Lake Poopo, famous for being the largest lake in Bolivia after Titicaca, has suddenly dried up, science research has discovered. The devastating impact from the total evaporation of this popular lake for locals and tourists alike has prompted the Bolivian government to declare it a “disaster zone.” Scientists are trying to figure out what happened, and how to prevent it from happening again.
The survival of many indigenous people in this area have depended on the food and water provided by Lake Poopo. Many people are being forced to relocate their families to survive. A Uro and local fisherman, whose livelihood depends on the fish provided by the lake, said “There should be some rain. But that’s not happening. So we are going to head to the islands of Lake Titicaca, because there is still water there. Not enough is being done by the Andean government to help us. We asked for rain, and we didn’t get it. So I’m not surprised this happened.”
Other local fisherman were surprised to find the lake just disappeared underneath them. A Quechua fisherman said “I was fishing, not having much luck, when I started to get a sinking feeling. I also heard a draining sound. Before I knew it, the lake was gone.”
It may not be all bad for the fisherman, though. “The cabins at Titicaca are a little nicer, and I also heard you can rent scooters to get around the island more efficiently,” the Quechua fisherman said.
The big question that scientists and researchers at top research institutes across the globe are trying to answer now is “what happened?” Some of the preliminary guesses from the less educated indigenous people have pointed the finger at climate change. They claim that climate change has caused the water to evaporate faster, but climate change isn’t real, so that doesn’t make sense.
Other theories from people who have no idea what they are talking about revolve around the cycles of El Niño and La Niña, which sounds like a great theory, but it ignores a few core issues.
One of those core issues is “solar panels.” The top theory that makes sense, and the one and researchers are currently mostly in agreement with, is the “solar panel theory.” The greenhouse effect of the atmosphere is holding heat in, as it is intended to do, but the extra heat created by solar panels is causing a problem.

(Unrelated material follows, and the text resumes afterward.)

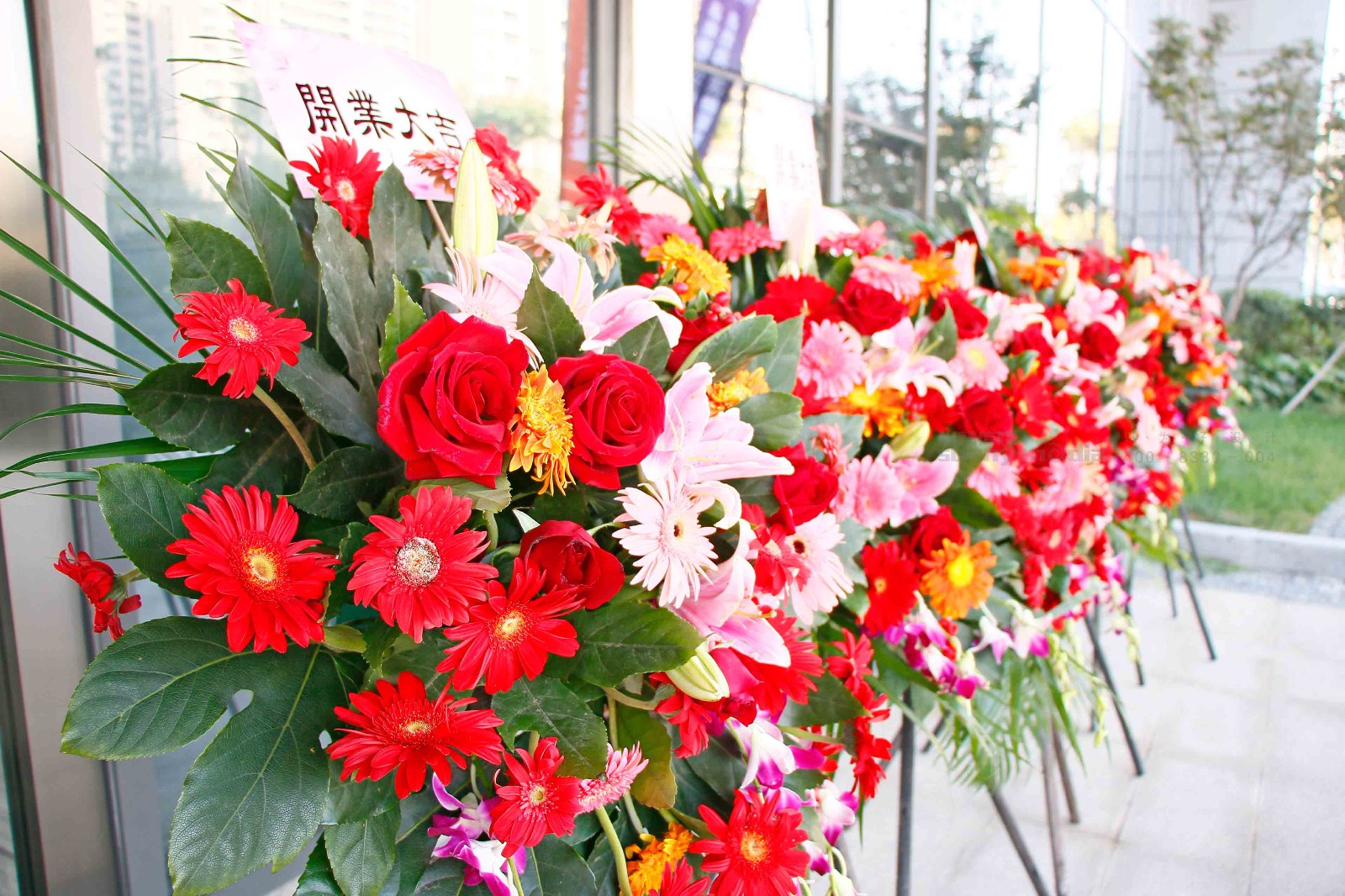 展会设计 / 导视系统 / 环艺可视化 / 企业软装设计（设计+执行）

“I believe that solar panels are creating a perpetual circle of madness that slowly baked Lake Poopo away,” Dr. Reginald James said. “Solar junkies are assaulting the human race by slowly baking us to death, and this is an example of that.”
Another core issue has a viable theory that is now is gaining traction among some of the most respected scientists in the world. It has a lot of science to back it up, and some of the best research behind it. Ugandan pastor Martin Ssempa has been lecturing people for years with dramatic and sensational presentations telling people to “Eat Da Poopo.”
A successful hypnotist for many years, Ssempa was able to convince people who attended his seminars that they should “eat da Poopo” with his soothing voice and through the use of guided imagery. One person who attended a lecture said “He is a very complelling person, and the images he showed us made me want to do nothing but eat da poopo. It’s all I can think about now.”
Ssempa’s tireless crusade, it is believed, caused a mass influx of people to Lake Poopo who then consumed all the water and ate all of the fish, perhaps in a state of hypnosis. That could explain the draining sound heard by some fisherman in the area. Scientist Joseph Skatt said that sound could be explained by this theory. “We think if they drank the water from the lake with straws, it could make that sound.”
Researchers will continue to try to find a cause for this, but in the meantime, local residents are suffering from the lack of water and fish that they are used to getting from Lake Poopo, as well as the effect it is having on property values in the area. It is also expected to have a devastating affect on the tourism industry, though no one can be sure how bad it will be until the holiday season arrives at Lake Poopo.
“I don’t know what we are going to do for fun this season,” New York resident Charles Weatherspoon lamented. “I guess if they don’t fix it in time, we can go to the Hamptons instead, but I’d rather got to Lake Poopo.”